* **WORK TO COMPLETE**: Return each line of the material below exactly. Begin at the first and end on the line with "4H Rainbows Enamel".

* **SUPPLIED RECORDS**:
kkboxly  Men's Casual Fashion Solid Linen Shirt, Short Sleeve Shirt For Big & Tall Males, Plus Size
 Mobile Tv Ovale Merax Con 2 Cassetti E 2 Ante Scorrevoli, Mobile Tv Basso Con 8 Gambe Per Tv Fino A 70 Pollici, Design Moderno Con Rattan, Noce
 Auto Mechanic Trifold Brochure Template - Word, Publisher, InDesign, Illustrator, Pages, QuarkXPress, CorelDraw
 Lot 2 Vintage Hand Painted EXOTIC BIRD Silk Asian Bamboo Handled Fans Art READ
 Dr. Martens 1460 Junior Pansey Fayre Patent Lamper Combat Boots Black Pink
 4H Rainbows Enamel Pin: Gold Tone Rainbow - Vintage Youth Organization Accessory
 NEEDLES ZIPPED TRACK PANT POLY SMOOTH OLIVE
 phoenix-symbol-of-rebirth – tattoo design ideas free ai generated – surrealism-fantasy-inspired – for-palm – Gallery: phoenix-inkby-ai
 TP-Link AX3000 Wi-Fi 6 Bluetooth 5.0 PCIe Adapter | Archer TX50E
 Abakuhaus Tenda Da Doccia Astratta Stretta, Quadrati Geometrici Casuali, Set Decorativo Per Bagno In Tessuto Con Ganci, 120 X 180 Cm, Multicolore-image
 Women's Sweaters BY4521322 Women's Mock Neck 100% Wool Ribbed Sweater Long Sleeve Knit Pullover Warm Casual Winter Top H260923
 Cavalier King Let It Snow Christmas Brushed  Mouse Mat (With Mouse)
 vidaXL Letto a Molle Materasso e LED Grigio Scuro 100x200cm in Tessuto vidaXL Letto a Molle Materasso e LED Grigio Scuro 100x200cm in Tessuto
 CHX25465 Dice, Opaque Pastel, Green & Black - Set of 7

* **TASK RESPONSE**:
kkboxly  Men's Casual Fashion Solid Linen Shirt, Short Sleeve Shirt For Big & Tall Males, Plus Size
 Mobile Tv Ovale Merax Con 2 Cassetti E 2 Ante Scorrevoli, Mobile Tv Basso Con 8 Gambe Per Tv Fino A 70 Pollici, Design Moderno Con Rattan, Noce
 Auto Mechanic Trifold Brochure Template - Word, Publisher, InDesign, Illustrator, Pages, QuarkXPress, CorelDraw
 Lot 2 Vintage Hand Painted EXOTIC BIRD Silk Asian Bamboo Handled Fans Art READ
 Dr. Martens 1460 Junior Pansey Fayre Patent Lamper Combat Boots Black Pink
 4H Rainbows Enamel Pin: Gold Tone Rainbow - Vintage Youth Organization Accessory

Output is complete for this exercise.